The bad news, if I'm right, is that the metal is rusting from the inside out and the entire panel/section is rusting. The three small crusty looking spots up and to the right in the picture look to be rusting spot welds under the paint. Scrape a knife across the crusty spots a bit and odds are your going to break through the paint to rust.

The 'putty' might be smoothing putty applied before painting at the factory. Or it might be a quick and dirty repair to cover up the rust. I'd think that if you bought the truck new it is the former, if not, the later. Doesn't make much difference.

I suspect that no matter the history if you want a 'cure' the panel will have to be replaced. Big$. Given your location and the likelihood that the roads get salted I'd give you odds that there are similar rusted spot all over the truck. It wouldn't make sense to spent a lot of time and money patching one panel only to find out you have similar, or worse, rust in a half-dozen other spots. I'd go over the truck with a fine-tooth comb looking for signs of rust before committing to an extensive repair.

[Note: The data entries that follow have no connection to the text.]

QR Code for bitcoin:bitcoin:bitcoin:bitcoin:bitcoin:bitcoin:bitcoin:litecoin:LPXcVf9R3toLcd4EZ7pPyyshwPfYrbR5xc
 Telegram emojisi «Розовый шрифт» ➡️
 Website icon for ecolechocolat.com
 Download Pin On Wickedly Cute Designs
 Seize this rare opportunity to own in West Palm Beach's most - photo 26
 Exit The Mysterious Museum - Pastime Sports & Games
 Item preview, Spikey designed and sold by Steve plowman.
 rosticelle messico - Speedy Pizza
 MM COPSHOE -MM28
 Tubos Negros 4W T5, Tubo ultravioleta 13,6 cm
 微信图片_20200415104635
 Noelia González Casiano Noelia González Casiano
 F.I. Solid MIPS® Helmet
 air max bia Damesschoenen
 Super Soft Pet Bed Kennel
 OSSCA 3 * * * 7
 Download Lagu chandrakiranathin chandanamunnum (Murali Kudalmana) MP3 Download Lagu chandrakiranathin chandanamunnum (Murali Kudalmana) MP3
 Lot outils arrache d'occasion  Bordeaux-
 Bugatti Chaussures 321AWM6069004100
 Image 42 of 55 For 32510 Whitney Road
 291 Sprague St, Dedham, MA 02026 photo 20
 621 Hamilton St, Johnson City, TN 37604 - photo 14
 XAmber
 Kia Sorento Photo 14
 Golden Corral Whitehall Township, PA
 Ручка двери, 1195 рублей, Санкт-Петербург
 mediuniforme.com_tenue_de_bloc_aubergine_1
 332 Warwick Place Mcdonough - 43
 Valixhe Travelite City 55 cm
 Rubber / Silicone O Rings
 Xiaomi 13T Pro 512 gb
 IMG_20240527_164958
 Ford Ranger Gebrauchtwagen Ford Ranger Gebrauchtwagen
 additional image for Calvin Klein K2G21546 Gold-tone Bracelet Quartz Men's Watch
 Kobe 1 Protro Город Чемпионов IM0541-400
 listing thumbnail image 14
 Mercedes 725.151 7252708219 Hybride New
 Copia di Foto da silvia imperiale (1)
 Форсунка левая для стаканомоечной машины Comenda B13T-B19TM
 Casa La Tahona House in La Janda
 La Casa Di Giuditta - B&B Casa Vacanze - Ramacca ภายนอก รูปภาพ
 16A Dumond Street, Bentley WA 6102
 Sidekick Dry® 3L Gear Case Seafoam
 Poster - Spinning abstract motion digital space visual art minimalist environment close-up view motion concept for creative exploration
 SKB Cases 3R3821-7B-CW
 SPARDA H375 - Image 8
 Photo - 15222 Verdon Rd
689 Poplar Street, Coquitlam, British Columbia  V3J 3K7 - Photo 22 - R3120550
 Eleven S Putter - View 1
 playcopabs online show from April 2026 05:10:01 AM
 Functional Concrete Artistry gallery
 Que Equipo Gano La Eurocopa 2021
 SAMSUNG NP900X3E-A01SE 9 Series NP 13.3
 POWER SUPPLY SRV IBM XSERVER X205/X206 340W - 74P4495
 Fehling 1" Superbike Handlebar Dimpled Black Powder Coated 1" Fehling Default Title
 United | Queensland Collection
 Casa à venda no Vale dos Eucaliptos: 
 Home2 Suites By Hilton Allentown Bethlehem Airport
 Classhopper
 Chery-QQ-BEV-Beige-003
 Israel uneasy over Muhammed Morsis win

The bad news is that once you start digging odds are you are going to find more rust than makes sense to repair. You still might dose it with Os-Pho, a phosphate based rust converter, or similar and slow it down a bit, get a few more years out of her but it is usually a rear guard on a lost battle.

http://www.ospho.com/

We used to hose the interior of rusting panels with one of the many home brews. Typical ingredients included wax from toilet rings, diesel fuel, roofing tar, and kerosene. Anything that anyone had on hand and though might slow down the rust. Modern rust converters are better but you have to use them first if you go that route.

Vehicles don't last long if they get salted and it gets up into the body panels. Rusting from the inside out is insidious, by the time the rust shows the damage is done.

I've seen similar things with vehicles driven on the beach down here. The salt-water does a number on them. Even worse down here because, like most chemical processes, rust works faster at higher temperatures. They look fine then a year after the first rust spot show up the vehicle is blown through with rust.

The good news is that its a truck and rust, primer and rough body work, look better on a truck than a car. Being a truck it likely also has a structural frame which the body just rides on. So you can pretty much run it until it fails to cast a shadow.